Programma Operativo regionale  a favore di persone con gravissima disabilita’ e in condizione di non autosufficienza e grave disabilita’ di cui al fondo per le non autosufficienze - FNA - anno 2018

 

Con D.G.R. n. XI/1253 del 12 febbraio 2019 Regione Lombardia ha approvato il Piano Attuativo con relativo stanziamento delle risorse di cui al Fondo per le Non Autosufficienze anno 2018 (allegato A) e il Programma operativo regionale FNA 2018 relativo alle Misure a sostegno delle persone con disabilità gravissima -Misura B1- e con disabilità grave o comunque in condizione di non autosufficienza -Misura B2- (allegato B). 

Il Fondo prevede complessivamente risorse pari a Euro 70.970.640,00 da destinare alle Misure B1 e B2 con l’obiettivo di mantenere a domicilio le persone con disabilità gravissima o grave e gli anziani non autosufficienti.
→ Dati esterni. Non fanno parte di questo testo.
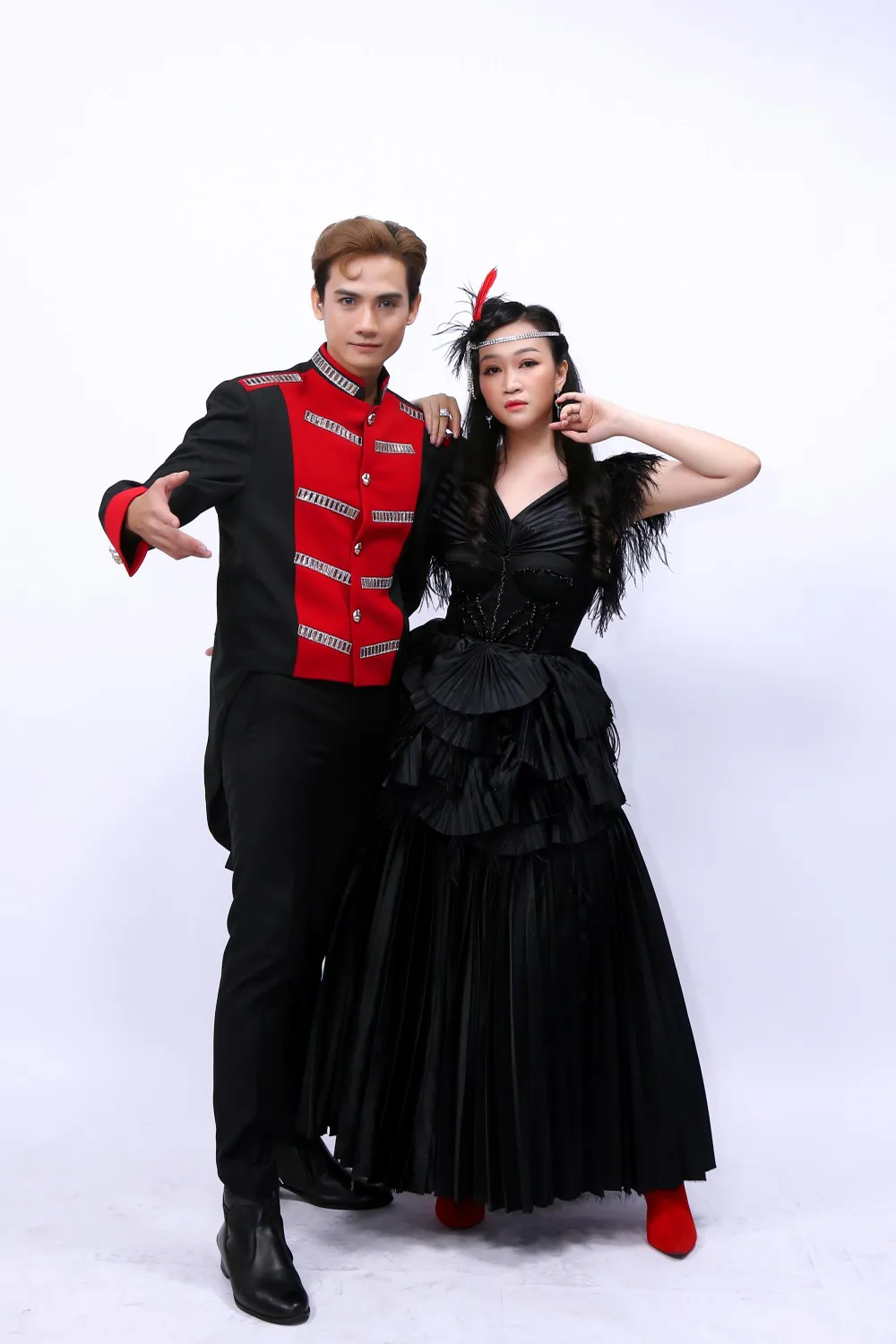 Ca sĩ Phương Trang khẳng định vẫn hát nhạc của mình bất chấp khán giả thích hay không. Ca sĩ Phương Trang khẳng định vẫn hát nhạc của mình bất chấp khán giả thích hay không.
La Misura B1, considerata di natura regionale a forte rilievo sanitario, è realizzata attraverso le Agenzie di Tutela della Salute (ATS) e le Aziende SocioSanitarie Territoriali (ASST).


La domanda per l’accesso deve essere inoltrata su apposito modulo, unitamente alla documentazione prevista dalla normativa di riferimento, al Servizio Territoriale di Valutazione Multidimensionale (STVM) presso l’ASST di residenza, dove l’èquipe, previa verifica della documentazione allegata e valutazione della persona, predispone il Progetto Individuale contenente tutti gli interventi sanitari, socio-sanitari e sociali, necessari per rispondere ai bisogni della persona.

I criteri per la valutazione, definiti dal Decreto Interministeriale FNA 2016 all’art 3 per le persone con disabilità gravissima, centrano il focus della valutazione su un elenco di patologie o condizioni funzionali limitate e rigidamente definite, con l’indicazione di diverse scale specifiche da utilizzare per valutare le condizioni elencate.

Le persone già in carico con la precedente annualità FNA 2017 al 31/12/2018 avranno il riconoscimento del Buono mensile di euro 1.000 per il mese di gennaio 2019 e dovranno presentare le nuove istanze per  FNA 2018 entro e non oltre il 31 marzo 2019. A seguito di valutazione multidimensionale e della predisposizione del Progetto individuale a cura dell’èquipe dell’ASST sarà erogato il Buono, definito in base ai nuovi criteri, per i mesi di febbraio e marzo del corrente anno.

 

Le domande di nuovo accesso alla Misura B1 sono accoglibili dalla data di pubblicazione del presente atto sul BURL e fino al 30 settembre 2019. A conclusione della fase di rivalutazione delle presone già in carico al 31/12/2018, le ASST procederanno alla valutazione multidimensionale dei cittadini che presentino istanza per un nuovo accesso con decorrenza nel 2019.

 

L’ATS eroga la Misura B1 sino al 31 dicembre 2019 sulla base delle risorse disponibili assegnate.

L’ATS, accolte le domande validate dalle ASST, predispone tre elenchi articolati nelle Aree: Minori, Adulti e Anziani per tutte le persone con disabilità gravissima. Le persone disabili gravissime, sia quelle prese in carico con FNA 2017 e rivalutate alla luce dei nuovi criteri di erogazione della Misura B1, sia quelle di nuovo accesso, sono inserite nei rispettivi elenchi ordinati in base al valore ISEE.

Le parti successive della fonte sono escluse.